The Fountain raises some of the same kind of Big Questions as 2001: A Space Odyssey or other meditations on man's place in the universe, the end of life, etc., but it ultimately backs away from the answers it suggests. In fact, it is probably a mistake to suggest answers at all. A film like this succeeds best by being open-ended and non-literal. This one was too specific and tethered to the main plot.

I am not sure what the people who made this film were thinking. I am not sure what motivated Darren Aronofsky, a talented and provocative director, to make this movie, and I am perplexed as to why any major studio would greenlight it. What kind of expectations could they have had? They couldn't have expected it would be a hit, or make (much) money, even with semi-big stars like Jackman and Weisz in it. There wasn't even any gratuitous sex or violence to exploit, just one semi-suggestive scene with the stars making out in a bathtub.

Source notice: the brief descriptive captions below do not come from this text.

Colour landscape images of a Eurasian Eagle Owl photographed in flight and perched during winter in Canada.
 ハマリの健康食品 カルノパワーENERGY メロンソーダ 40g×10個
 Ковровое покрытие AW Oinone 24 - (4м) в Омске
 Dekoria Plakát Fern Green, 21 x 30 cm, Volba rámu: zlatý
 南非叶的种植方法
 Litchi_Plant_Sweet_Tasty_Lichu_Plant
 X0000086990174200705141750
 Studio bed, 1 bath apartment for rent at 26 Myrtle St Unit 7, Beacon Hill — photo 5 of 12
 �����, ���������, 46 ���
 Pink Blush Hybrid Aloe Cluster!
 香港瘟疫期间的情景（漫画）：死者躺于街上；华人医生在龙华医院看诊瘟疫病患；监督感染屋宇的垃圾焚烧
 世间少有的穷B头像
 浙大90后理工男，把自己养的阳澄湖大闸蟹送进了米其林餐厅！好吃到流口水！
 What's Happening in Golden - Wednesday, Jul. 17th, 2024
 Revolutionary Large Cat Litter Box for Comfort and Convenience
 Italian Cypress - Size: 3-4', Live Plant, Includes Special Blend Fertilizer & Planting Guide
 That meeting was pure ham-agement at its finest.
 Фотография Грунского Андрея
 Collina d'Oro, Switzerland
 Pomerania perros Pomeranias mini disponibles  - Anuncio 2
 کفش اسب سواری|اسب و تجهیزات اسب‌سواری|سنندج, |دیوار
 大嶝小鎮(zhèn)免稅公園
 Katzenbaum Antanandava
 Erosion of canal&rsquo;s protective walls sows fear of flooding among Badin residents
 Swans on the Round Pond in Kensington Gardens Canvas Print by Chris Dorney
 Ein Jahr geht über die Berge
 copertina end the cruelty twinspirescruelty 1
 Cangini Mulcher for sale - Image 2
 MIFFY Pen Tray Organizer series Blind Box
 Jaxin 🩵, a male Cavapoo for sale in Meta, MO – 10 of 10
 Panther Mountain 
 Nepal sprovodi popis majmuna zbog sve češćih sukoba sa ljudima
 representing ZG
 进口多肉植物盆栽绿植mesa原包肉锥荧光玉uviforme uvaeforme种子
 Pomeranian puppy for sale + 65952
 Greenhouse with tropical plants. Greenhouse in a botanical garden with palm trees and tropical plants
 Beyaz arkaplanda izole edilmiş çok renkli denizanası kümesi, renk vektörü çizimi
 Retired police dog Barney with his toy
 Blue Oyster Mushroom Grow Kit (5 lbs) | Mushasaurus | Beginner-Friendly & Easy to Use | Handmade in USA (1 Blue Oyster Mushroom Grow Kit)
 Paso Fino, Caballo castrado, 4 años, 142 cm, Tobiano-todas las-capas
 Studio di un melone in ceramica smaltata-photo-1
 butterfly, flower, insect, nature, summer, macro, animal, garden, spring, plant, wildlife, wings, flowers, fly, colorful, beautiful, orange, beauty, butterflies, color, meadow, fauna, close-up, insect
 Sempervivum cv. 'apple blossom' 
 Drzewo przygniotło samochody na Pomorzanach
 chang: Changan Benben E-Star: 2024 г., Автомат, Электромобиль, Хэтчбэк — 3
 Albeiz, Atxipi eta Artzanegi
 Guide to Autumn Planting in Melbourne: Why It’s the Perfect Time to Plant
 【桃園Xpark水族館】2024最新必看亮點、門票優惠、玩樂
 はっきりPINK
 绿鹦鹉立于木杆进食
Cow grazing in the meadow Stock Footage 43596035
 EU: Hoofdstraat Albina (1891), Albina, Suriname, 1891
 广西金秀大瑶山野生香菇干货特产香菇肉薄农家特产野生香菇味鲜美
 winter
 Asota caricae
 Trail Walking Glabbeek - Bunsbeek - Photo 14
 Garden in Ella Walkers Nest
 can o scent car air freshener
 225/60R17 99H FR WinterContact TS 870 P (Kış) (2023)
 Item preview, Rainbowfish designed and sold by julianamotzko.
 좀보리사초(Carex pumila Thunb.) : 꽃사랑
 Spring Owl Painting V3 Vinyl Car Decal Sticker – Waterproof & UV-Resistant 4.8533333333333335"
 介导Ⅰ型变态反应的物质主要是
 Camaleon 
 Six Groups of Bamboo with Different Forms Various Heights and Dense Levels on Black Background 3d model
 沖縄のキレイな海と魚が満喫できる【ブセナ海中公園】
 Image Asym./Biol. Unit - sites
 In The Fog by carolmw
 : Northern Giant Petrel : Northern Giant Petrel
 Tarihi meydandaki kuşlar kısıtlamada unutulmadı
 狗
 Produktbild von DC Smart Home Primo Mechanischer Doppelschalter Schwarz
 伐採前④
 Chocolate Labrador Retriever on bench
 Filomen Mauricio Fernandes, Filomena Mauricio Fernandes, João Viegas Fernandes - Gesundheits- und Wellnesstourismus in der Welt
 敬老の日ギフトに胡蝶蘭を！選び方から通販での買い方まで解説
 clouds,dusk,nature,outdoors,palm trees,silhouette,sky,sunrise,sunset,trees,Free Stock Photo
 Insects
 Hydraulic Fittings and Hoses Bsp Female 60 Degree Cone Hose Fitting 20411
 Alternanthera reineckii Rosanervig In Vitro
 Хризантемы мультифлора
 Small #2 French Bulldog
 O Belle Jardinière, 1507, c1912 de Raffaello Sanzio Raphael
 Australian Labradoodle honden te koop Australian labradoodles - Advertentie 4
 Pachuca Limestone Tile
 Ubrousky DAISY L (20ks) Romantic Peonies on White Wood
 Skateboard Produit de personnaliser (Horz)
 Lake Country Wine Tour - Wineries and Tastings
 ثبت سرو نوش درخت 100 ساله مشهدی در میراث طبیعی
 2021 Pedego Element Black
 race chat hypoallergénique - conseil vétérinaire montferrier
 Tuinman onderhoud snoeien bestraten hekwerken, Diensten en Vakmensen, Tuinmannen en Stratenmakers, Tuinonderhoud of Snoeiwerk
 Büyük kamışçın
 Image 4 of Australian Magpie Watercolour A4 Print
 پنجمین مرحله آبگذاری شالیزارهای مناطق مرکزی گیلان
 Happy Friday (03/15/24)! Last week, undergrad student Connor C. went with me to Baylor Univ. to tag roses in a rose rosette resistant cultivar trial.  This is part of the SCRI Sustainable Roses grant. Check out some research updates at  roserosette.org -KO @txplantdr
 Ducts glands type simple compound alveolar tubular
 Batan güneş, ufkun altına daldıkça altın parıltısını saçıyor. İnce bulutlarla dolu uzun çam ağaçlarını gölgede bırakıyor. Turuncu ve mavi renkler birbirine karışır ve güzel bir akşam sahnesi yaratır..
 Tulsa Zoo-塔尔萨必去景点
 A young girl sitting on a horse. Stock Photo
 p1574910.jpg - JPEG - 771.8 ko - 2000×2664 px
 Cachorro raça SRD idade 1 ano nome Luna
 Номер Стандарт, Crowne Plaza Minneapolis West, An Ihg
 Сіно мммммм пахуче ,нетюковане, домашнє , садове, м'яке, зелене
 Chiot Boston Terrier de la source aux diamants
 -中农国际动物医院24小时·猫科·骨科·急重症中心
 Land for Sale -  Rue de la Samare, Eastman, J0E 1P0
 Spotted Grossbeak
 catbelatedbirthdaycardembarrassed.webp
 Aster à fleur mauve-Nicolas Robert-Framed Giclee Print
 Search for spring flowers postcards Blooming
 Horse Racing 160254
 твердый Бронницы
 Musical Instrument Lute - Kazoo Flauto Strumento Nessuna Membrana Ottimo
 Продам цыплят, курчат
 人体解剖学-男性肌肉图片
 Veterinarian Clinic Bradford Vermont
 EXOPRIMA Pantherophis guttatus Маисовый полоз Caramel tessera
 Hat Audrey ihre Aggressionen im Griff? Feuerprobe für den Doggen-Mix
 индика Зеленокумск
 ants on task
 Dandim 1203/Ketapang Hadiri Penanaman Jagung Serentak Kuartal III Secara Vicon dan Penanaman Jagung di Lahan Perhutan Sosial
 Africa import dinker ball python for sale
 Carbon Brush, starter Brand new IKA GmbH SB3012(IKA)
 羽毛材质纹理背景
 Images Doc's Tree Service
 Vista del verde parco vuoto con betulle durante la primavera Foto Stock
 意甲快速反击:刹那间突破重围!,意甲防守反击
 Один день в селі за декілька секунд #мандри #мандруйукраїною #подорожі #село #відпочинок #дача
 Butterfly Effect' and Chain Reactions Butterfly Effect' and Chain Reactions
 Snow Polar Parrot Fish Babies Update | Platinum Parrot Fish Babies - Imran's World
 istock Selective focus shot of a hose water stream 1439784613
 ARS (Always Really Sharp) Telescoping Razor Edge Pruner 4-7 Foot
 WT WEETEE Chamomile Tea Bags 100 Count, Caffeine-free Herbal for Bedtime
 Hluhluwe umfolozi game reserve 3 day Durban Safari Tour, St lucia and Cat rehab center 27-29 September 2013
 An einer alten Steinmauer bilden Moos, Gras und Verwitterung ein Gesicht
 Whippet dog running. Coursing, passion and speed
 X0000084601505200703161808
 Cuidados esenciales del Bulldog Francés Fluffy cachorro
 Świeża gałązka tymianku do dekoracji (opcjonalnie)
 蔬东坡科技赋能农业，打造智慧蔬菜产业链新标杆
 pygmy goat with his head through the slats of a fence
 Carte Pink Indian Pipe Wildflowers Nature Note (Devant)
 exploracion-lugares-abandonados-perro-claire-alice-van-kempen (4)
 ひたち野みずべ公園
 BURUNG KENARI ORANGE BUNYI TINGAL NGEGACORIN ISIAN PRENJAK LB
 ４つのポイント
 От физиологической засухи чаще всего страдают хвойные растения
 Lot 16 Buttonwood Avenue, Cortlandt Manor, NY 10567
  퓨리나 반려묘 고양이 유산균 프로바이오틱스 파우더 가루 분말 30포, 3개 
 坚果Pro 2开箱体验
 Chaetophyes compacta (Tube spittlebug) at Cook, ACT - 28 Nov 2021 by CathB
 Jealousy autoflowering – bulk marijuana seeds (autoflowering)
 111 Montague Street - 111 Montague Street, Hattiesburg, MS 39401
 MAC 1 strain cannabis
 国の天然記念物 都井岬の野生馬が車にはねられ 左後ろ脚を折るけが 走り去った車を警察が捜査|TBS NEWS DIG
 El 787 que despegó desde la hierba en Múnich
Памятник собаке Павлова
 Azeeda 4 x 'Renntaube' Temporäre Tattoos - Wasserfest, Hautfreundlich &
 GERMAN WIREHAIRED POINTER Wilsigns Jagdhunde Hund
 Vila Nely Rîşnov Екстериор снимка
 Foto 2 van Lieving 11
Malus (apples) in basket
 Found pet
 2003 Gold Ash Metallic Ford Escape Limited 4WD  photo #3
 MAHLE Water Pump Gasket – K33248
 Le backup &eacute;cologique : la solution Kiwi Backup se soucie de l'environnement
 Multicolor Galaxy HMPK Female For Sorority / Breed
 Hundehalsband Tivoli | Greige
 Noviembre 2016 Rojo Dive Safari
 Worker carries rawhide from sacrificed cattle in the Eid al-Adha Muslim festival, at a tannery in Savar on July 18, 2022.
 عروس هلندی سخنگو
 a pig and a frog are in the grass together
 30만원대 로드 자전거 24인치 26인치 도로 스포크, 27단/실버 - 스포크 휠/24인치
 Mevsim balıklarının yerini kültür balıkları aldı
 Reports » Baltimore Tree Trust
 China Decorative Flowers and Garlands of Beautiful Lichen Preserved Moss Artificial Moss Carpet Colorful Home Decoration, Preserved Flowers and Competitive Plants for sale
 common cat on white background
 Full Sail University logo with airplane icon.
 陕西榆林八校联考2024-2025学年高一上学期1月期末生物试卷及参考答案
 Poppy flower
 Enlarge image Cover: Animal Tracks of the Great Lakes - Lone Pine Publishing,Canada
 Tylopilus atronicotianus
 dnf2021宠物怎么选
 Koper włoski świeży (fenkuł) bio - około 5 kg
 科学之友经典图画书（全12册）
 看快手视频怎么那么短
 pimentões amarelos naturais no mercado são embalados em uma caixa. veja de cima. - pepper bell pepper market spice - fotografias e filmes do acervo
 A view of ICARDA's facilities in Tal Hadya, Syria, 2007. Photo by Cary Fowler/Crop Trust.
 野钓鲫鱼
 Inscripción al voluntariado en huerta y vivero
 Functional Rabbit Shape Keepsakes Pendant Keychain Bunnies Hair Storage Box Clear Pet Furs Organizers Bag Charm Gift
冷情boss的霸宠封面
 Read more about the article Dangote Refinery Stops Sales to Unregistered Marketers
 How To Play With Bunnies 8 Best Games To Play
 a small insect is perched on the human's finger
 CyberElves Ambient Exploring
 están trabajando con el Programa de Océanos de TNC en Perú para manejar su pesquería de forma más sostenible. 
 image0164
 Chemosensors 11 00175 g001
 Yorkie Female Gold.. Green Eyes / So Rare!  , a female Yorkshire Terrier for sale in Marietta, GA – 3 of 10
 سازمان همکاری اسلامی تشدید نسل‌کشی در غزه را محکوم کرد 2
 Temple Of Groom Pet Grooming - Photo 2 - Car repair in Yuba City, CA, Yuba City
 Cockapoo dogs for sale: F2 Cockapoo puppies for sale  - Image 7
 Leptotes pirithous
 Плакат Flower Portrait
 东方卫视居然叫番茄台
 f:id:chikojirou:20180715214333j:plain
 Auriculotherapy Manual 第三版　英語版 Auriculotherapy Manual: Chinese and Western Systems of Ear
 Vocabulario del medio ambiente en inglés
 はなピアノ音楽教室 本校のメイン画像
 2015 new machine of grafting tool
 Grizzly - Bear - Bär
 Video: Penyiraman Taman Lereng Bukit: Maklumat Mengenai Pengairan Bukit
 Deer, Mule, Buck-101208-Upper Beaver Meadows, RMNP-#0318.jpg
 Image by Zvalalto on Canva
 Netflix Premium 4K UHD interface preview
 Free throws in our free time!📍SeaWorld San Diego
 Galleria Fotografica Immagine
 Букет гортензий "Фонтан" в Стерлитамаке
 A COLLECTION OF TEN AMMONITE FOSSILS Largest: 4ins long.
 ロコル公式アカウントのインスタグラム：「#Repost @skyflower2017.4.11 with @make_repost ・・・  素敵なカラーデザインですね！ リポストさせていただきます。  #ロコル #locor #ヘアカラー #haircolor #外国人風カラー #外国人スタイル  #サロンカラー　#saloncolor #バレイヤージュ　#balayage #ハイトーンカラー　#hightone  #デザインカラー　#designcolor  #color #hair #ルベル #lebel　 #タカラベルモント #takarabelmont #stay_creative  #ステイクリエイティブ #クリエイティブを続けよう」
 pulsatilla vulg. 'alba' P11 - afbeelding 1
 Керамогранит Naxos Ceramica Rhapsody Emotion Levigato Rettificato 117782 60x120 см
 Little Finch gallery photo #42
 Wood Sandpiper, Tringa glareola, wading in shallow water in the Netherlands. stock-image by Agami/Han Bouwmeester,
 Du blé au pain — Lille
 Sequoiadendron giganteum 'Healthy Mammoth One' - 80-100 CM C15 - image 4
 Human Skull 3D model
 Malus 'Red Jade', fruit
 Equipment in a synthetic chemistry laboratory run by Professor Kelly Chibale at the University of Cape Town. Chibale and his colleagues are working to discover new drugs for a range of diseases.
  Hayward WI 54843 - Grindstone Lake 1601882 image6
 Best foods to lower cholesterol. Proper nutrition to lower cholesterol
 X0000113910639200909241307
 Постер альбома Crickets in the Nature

Where is the audience for this movie? Did they think this was going to fill theaters for weeks at a time? How were they going to market it? As it turns out, it's a good movie to watch on a big new high-definition TV, because it does look great, and the dialogue is so hushed and whispered that you almost need the subtitles on, but was that really the marketing plan for this movie? I'm curious.

So maybe this movie wasn't a success, but at least it was an interesting... failure is the wrong word... attempt.


D.B. Echo said...

This movie has a long and interesting history. Brad Pitt was originally attached to it as the star, and I believe things got to the pre-production stage - crew hired, sets under construction, shooting scheduled in New Zealand, Brad Pitt growing long hair and a grizzly beard for the scenes that required it - when without warning the star decided to pull out, leaving a lot of people suddenly out of work. Something else happened then - I forget what, but I think it involved Perter Jackson. This was all afew years before the version that made it onto film was actually made.

Michael Plank said...

See, a movie about the history of the movie would probably be pretty good.